→ **What the task asks**:
Using the listing below, set down each line from the line containing "Bek timnas Ukraina Oleksandr Zinchenko" through the line containing "Toyota HiAce 2000 White", both ends included, exactly and with nothing added.

→ **Entries supplied**:
----------
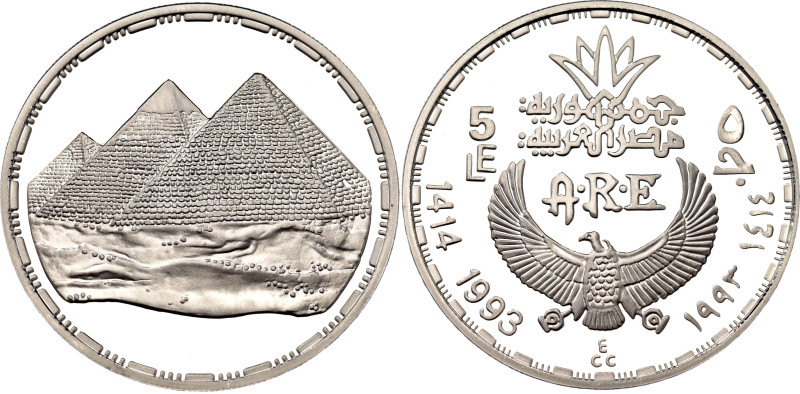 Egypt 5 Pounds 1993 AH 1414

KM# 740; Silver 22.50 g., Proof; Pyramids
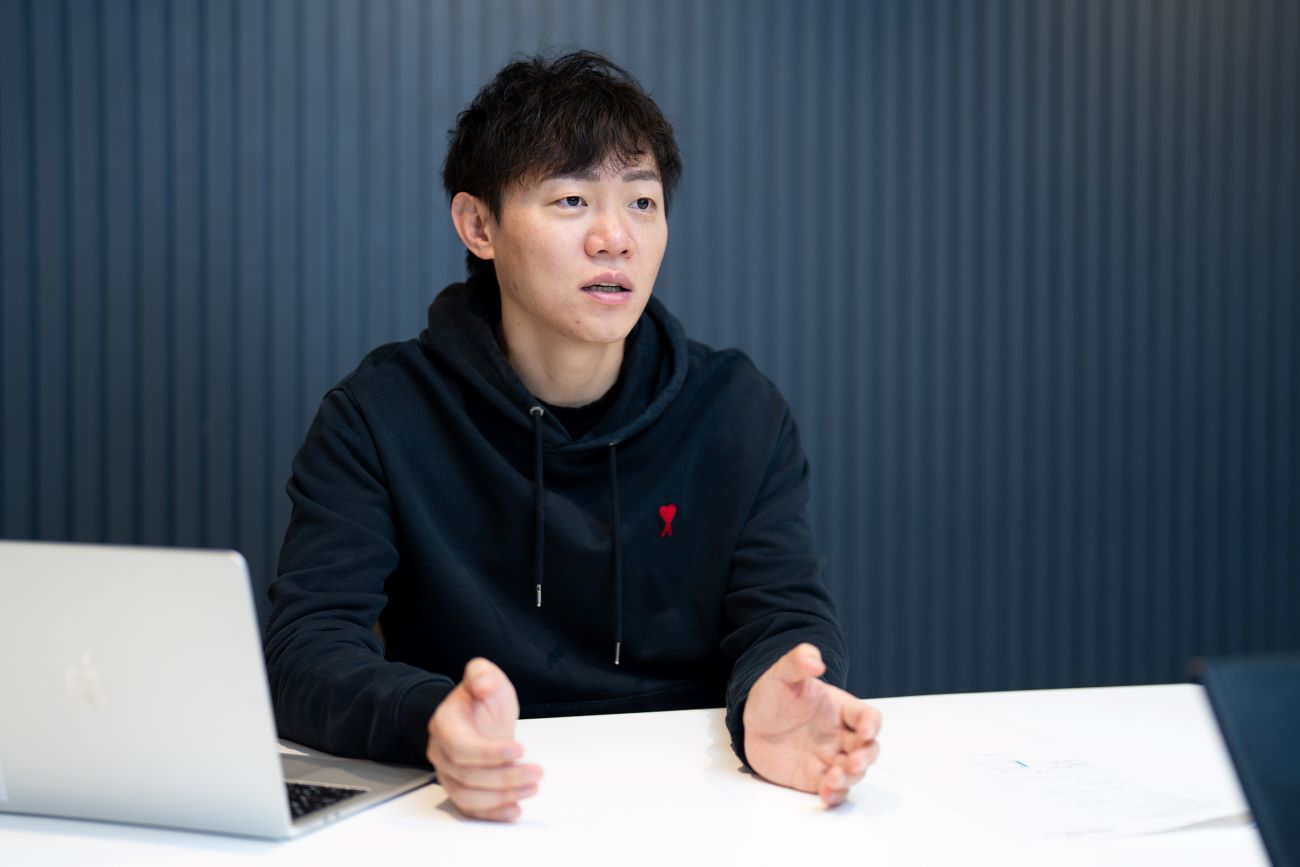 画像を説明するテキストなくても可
----------
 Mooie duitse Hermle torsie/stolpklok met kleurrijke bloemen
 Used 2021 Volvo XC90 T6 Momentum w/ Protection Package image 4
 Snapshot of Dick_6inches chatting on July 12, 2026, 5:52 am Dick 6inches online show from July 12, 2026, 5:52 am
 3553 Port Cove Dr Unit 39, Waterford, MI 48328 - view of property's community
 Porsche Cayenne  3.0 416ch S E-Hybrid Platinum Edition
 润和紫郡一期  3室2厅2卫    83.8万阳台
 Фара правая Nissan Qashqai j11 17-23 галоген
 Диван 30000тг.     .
----------
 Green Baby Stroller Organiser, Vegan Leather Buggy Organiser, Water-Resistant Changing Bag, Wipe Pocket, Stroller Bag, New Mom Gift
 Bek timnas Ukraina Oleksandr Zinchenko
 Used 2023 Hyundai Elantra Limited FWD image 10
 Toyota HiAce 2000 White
----------
→ **Answer to this problem**:
 Bek timnas Ukraina Oleksandr Zinchenko
 Used 2023 Hyundai Elantra Limited FWD image 10
 Toyota HiAce 2000 White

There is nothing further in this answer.